Il n’y a ni mot, ni solution miracle et Suleyman le dit clairement. Il propose, ce qui est plus difficile à vendre, une méthode, voir une attitude qui vaut peut-être aussi pour faire face au réchauffement de la planète.
Voir Myriades La déferlante, ce livre qui me fait changer d’attitude ≈035
Voir Myriades Oui ! Pas n’importe comment ≈036
A propos du monde qui bouge
La culture digitale, y compris l’intelligence artificielle, me semblent essentielles pour naviguer notre monde. Mais il faut s’ouvrir sans cesse, connecter, regarder plus haut que son mât de misaine.
Toujours sensible à comment « les autres » - avec qui nous partageons, y compris des différences - l’envisagent, j’ai lu deux livres qui aident à comprendre - surtout quand on les lit en parallèle - la montée de ce qu’on appelle « le sud global » et son évolution. Ils remontent, pour le premier, à la révolution française et, pour le second, à la victoire des Japonais contre les Russes en 1905.
L’âge de la colère, une histoire du présent - Pankaj Mishra - Zulma
Nourri d’une impressionnante connaissance des textes européens des XVIIIème et XIXème siècles, L’âge de la colère montre comment le ressentiment contre le mépris affiché par Paris (et pas que sous la forme conquérante napoléonienne), et le mimétisme de ceux qui voulaient se moderniser à cette image, s’est ensuite reproduit avec les périodes coloniales à peu près partout dans le monde. Un passé indispensable pour comprendre les colères d’aujourd’hui.

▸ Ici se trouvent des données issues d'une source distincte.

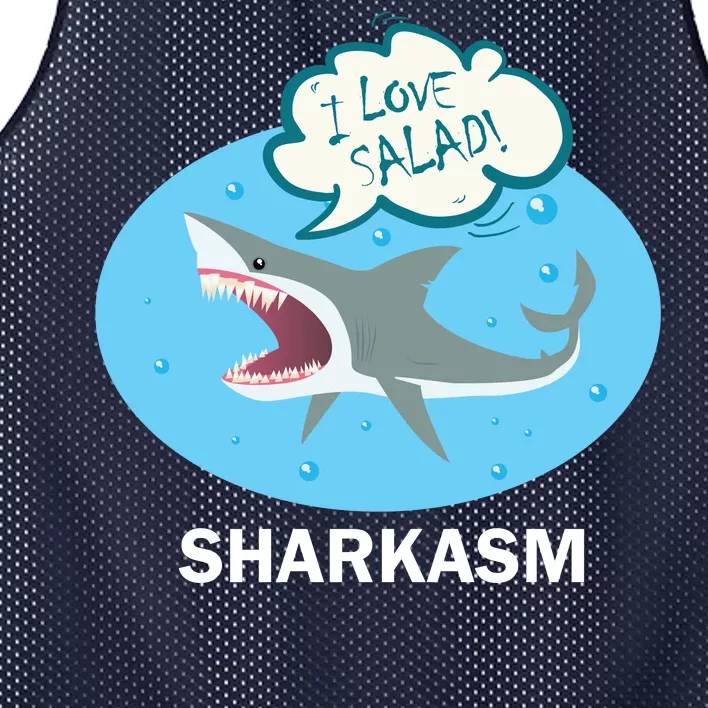 Sharkasm Mesh Reversible Basketball Jersey Tank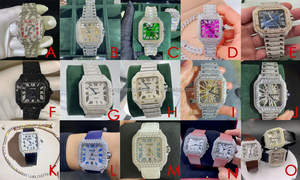 Produttore cinese Custom Hip Hop gioielli Moissanite orologi di lusso High-end in acciaio inox moda orologio meccanico per gli uomini - Product Image 3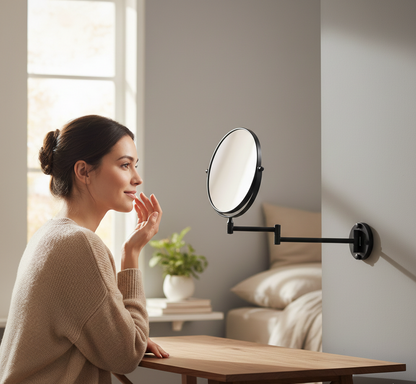 Wall-Mounted 3X Vanity Mirror for Clear, Close-Up Grooming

Le Labyrinthe des égarés, l’occident et ses adversaires - Amin Maalouf - Grasset
Premier pays non blanc à avoir militairement écrasé des Européens, le Japon a inspiré plein de mouvements et de leaders décidés à engager des processus de modernisation. Mais il est devenu un empire tout aussi insupportable que les autres. L’URSS a remplacé la race par la classe pour changer le système avant de sombrer dans un travers comparable. Quant à la Chine…? Peut-être faut-il attendre encore un peu pour y voir clair. Maalouf aide à réfléchir.
Et quel roman !
La cité de la victoire, Salman Rushdie - Actes Sud
« Tout le monde est issu d'une graine, lui dit-elle. Les hommes plantent des graines dans les femmes et ainsi de suite. Mais c'était différent. Une ville entière, des gens de toutes sortes et de tous âges, sortant de terre le même jour, de telles fleurs n'ont pas d'âme, elles ne savent pas qui elles sont, parce que la vérité, c'est qu'elles ne sont rien. Mais cette vérité est inacceptable. Il fallait, disait-elle, faire quelque chose pour guérir la multitude de son irréalité. Sa solution, était la fiction. »
Le dernier roman (en date) de Salman Rushdie. Une pure merveille d’un conteur hors pair qui reprend, à sa façon, l’histoire d’une épopée du sud de l’Inde.
En 1982, Gabriel García Marquez avait consacré son discours d’acceptation du prix Nobel de littérature aux malheurs et à la « solitude de l’Amérique Latine ». Quelques années plus tôt, dans les mêmes circonstances, William Faulkner avait « refusé d’admettre la fin de l’humanité » après le recours à l’arme atomique. Preuve des différences que nous partageons, la Cité de la victoire introduit dans ce réseau de textes un peu de sagesse asiatique, le poids d’une vie trop longue et l’amère sagesse poétique des cycles qui se terminent… comme nous sommes mieux placés pour la comprendre aujourd’hui.
Bonne fin d’année. Nous nous retrouvons début janvier.